Virtual simulations are not substitutable for the physical world. They are fundamentally different theory problems that have almost no overlap in applicability. You could in principle create a simulation with the same mathematical properties as the physical world but no one has ever done that. I'm not sure if we even know how.
Physical world dynamics are metastable and non-linear at every resolution. The models we do build are created from sparse irregular samples with large error rates; you often have to do complex inference to know if a piece of data even represents something real. All of this largely breaks the assumptions of our tidy sampling theorems in mathematics. The problem of physical world inference has been studied for a couple decades in the defense and mapping industries; we already have a pretty good understanding of why LLM-style AI is uniquely bad at inference in this domain, and it mostly comes down to the architectural inability to represent it.

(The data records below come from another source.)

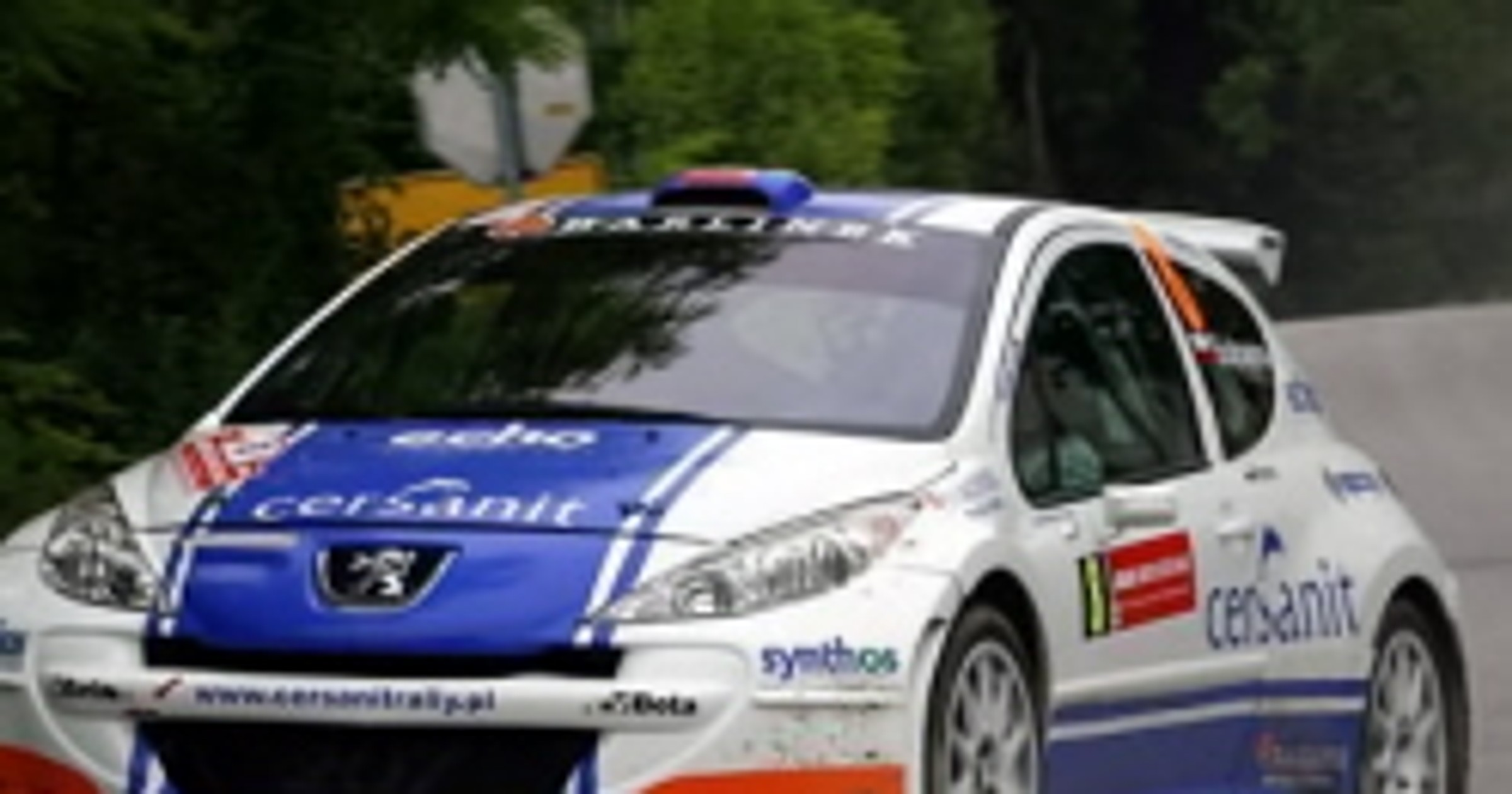 Rajd Chorwacji 2008: Michał Sołowow drugi!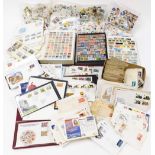 Various World Stamps, in albums and loose, to include Malaysia, Jamaica, a Birmingham Mint European
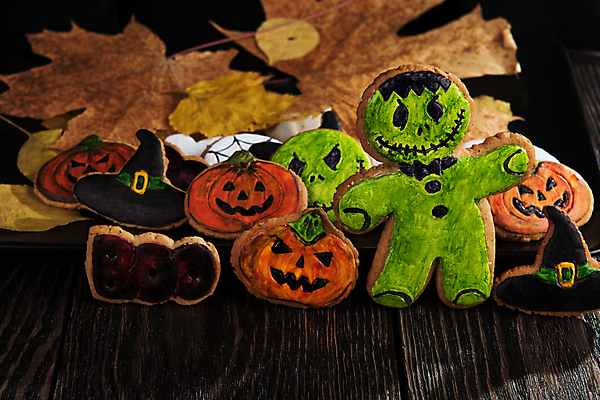 포토 JPG 해외이미지 탁자 디저트 사람없음 장식 파티 쿠키 할로윈 달콤 유령 박쥐 핸드메이드 호러 좀비 해외포토 음식 가구 포유류 이벤트 맛 공포 파일형식 이미지허브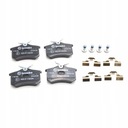 Brembo P 85 020 Sada brzdových platničiek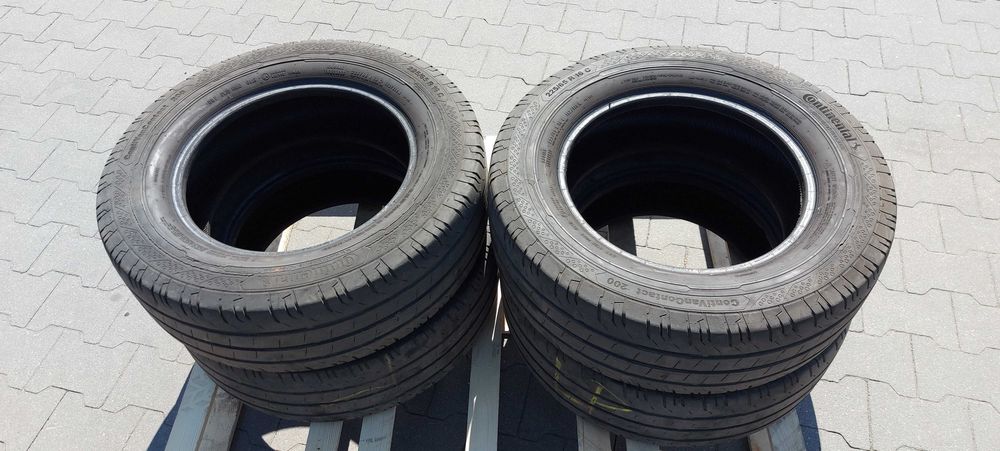 Opony Continental 225/65 R16C - komplet 4szt.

Grounded estimates of the minimum quantity of training data required to build a reliable model of physical world dynamics, given the above properties, is many exabytes. This data exists, so that is not a problem. The models will be orders of magnitude larger than current LLMs. Even if you solve the computer science and theory problems around representation so that learning and inference is efficient, few people are prepared for the scale of it.
(source: many years doing frontier R&D on these problems)
What do you mean by that? Simulating physics is a rich field, which incidentally was one of the main drivers of parallel/super computing before AI came along.
Reconstructing ground truth from these measurements, which is what you really want to train on, is a difficult open inference problem. The idiosyncratic effects induce large changes in the relationships learnable from the data model. Many measurements map to things that aren't real. How badly that non-reality can break your inference is context dependent. Because the samples are sparse and irregular, you have to constantly model the noise floor to make sure there is actually some signal in the synthesized "ground truth".
In simulated physics, there are no idiosyncratic measurement issues. Every data point is deterministic, repeatable, and well-behaved. There is also much less algorithmic information, so learning is simpler. It is a trivial problem by comparison. Using simulations to train physical world models is skipping over all the hard parts.
I've worked in HPC, including physics models. Taking a standard physics simulation and introducing representative idiosyncratic measurement seems difficult. I don't think we've ever built a physics simulation with remotely the quantity and complexity of fine structure this would require.
The problem is, idk if we're ready to have millions of distinct, evolving, self-executing models running wild without guardrails. It seems like a contradiction: you can't achieve true cognition from a machine while artificially restricting its boundaries, and you can't lift the boundaries without impacting safety.